Le groupe InterVASP a été rejoint par une coalition d'organismes professionnels, dont Global Digital Finance, la Chambre de commerce numérique et l'International Digital Asset Exchange Association (IDAXA). L'objectif du groupe InterVASP est de mettre en place une norme prête à être adoptée d'ici le 8 mai, lors de la Blockchain Week de New York.

La standardisation du paquet de messages sous-jacent est une bonne voie à Réseaux sociaux, a déclaré Wright de Global Digital Finance. Dans ce genre de situations, une simple date de naissance, par exemple, pourrait poser problème, a ajouté Wright. Les dates de naissance peuvent être au format britannique, américain ou au format réel long.

« Si chaque fournisseur choisissait son propre format, le coût de son déchiffrement à la réception et de sa transposition exacte serait considérable », a-t-il déclaré. « Ainsi, le fait de proposer même les éléments les plus simples dans un format compréhensible contribue grandement à la standardisation du secteur. »

Wright a reconnu la stigmatisation entourant l'idée d'un « SWIFT pour les Crypto», qui suscite immédiatement des réactions. « Si vous avez le même ordre et le même nom de champs, et que vous savez gérer la translittération, FORTH, le tout approuvé par le secteur, alors cet aspect de SWIFT est, par essence, une solution raisonnable », a-t-il déclaré.

Appelez les avocats

L'échange de données personnelles entre VASP dans différentes parties du monde pourrait nécessiter des cadres juridiques détaillés afin de ne pas enfreindre des réglementations telles que le RGPD, a déclaré le PDG de Coinfirm, Pawel Kuskowski.

Pour cette raison, Coinfirm, qui a également formé un groupe de travail et prétend avoir le soutien du gouvernement pour cette entreprise, a fait appel à l'avocat spécialisé en Crypto Joey Garcia, basé à Gibraltar et associé chez ISOLAS LLP, et à Dean Armstrong QC, basé à Londres et chef de cabinet au sein du 36 Group.
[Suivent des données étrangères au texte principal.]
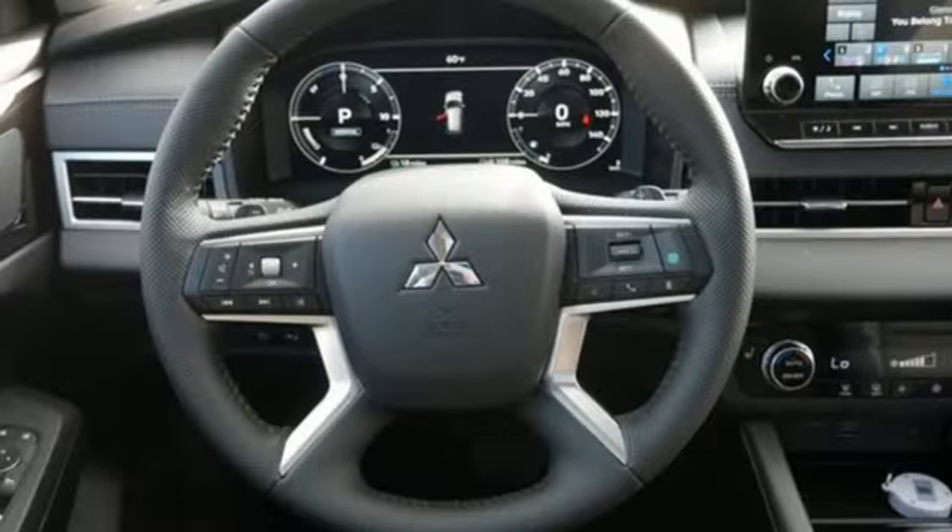Mitsubishi — pursue your passion. You'll never know until you try. Test drive it today.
Coinfirm utilise une blockchain à haut débit et à autorisations pour l'écriture de l'empreinte d'une transaction conforme, basée sur la technologie DLT Hyperledger Fabric de niveau entreprise. Cette dernière utilise une architecture de canal privé, quia été comparéaux canaux de messages privés sur Slack.

« Il y a deux aspects à prendre en compte lorsqu'on parle de la règle sur les déplacements », a déclaré Kuskowski. « ONEun est d'ordre technologique et l'autre réglementaire. Toute personne intervenant sur ce sujet doit absolument faire appel à un juriste. »

Jefferies de CipherTrace a déclaré que la résolution du défi technique n'est pas plus grande que l'obstacle opérationnel, ou le « problème du lever du soleil », consistant à activer le système pour 500 VASP à la fois.

À mesure que les pays du G20 commencent à mettre progressivement en œuvre ce système, un arbitrage juridictionnel accru semble probable, a-t-il ajouté.

« Les gens vont se tourner vers les pays où la mise en œuvre ou l'application des lois est faible », a déclaré Jefferies. « Il sera intéressant de voir comment ce scénario évolue. »

Ian Allison

Ian Allison est journaliste senior chez CoinDesk, spécialisé dans l'adoption des Cryptomonnaie et de la Technologies par les institutions et les entreprises. Auparavant, il a couvert la fintech pour l'International Business Times à Londres et la publication en ligne de Newsweek. Il a remporté le prix State Street du journaliste de l'année en données et innovation en 2017, puis a terminé deuxième l'année suivante. Il a également valu à CoinDesk une mention honorable lors des prix SABEW Best in Business 2020. Son scoop de novembre 2022 sur FTX, qui a entraîné la chute de la plateforme et de son patron Sam Bankman-Fried, a remporté un prix Polk, un prix Loeb et un prix du New York Press Club. Ian est diplômé de l'Université d'Édimbourg. Il est titulaire de ETH.